I don't think GP was implying that brains are the optimum solution. I think you can interpret GP's comments like this- if our brains are more efficient than LLMs, then clearly LLMs aren't optimally efficient. We have at least one data point showing that better efficiency is possible, even if we don't know what the optimal approach is.
I agree. Spiking neural networks are usually mentioned in this context, but there is no hardware ecosystem behind them that can compete with Nvidia and CUDA.

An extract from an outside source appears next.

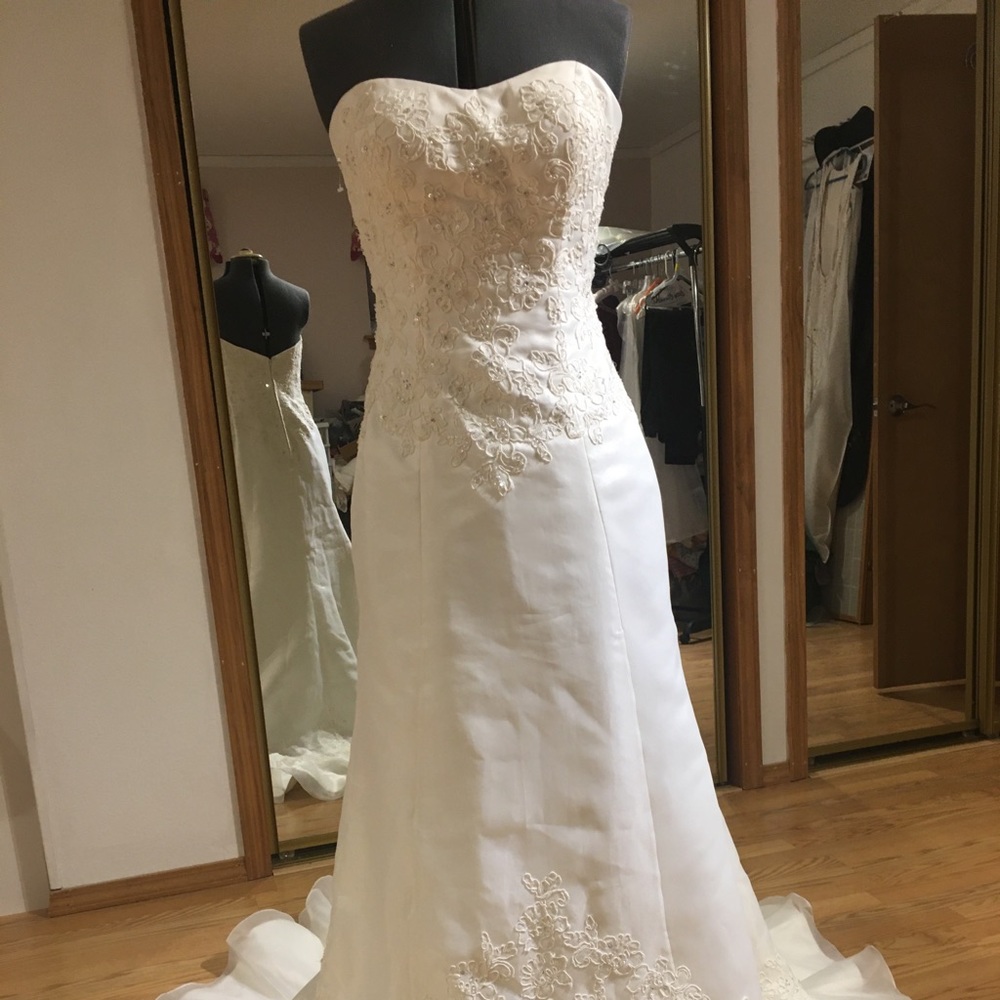 NWOT- Eden bridal dress never been worn or altered.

A new HW architecture for an unproven SW architecture is never going to happen. The SW needs to start working initially and demonstrate better performance. Of course, as with the original deep neural net stuff, it took computers getting sufficiently advanced to demonstrate this is possible. A different SW architecture would have to be so much more efficient to work. Moreover, HW and SW evolve in tandem - HW takes existing SW and tries to optimize it (e.g. by adding an abstraction layer) or SW tries to leverage existing HW to run a new architecture faster. Coming up with a new HW/SW combo seems unlikely given the cost of bringing HW to market. If AI speedup of HW ever delivers like Jeff Dean expects, then the cost of prototyping might come down enough to try to make these kinds of bets.
Nvidia has a big lead, and hardware is capital intensive. I guess an alternative would make sense in the battery-powered regime, like robotics, where Nvidia's power hungry machines are at a disadvantage. This is how ARM took on Intel.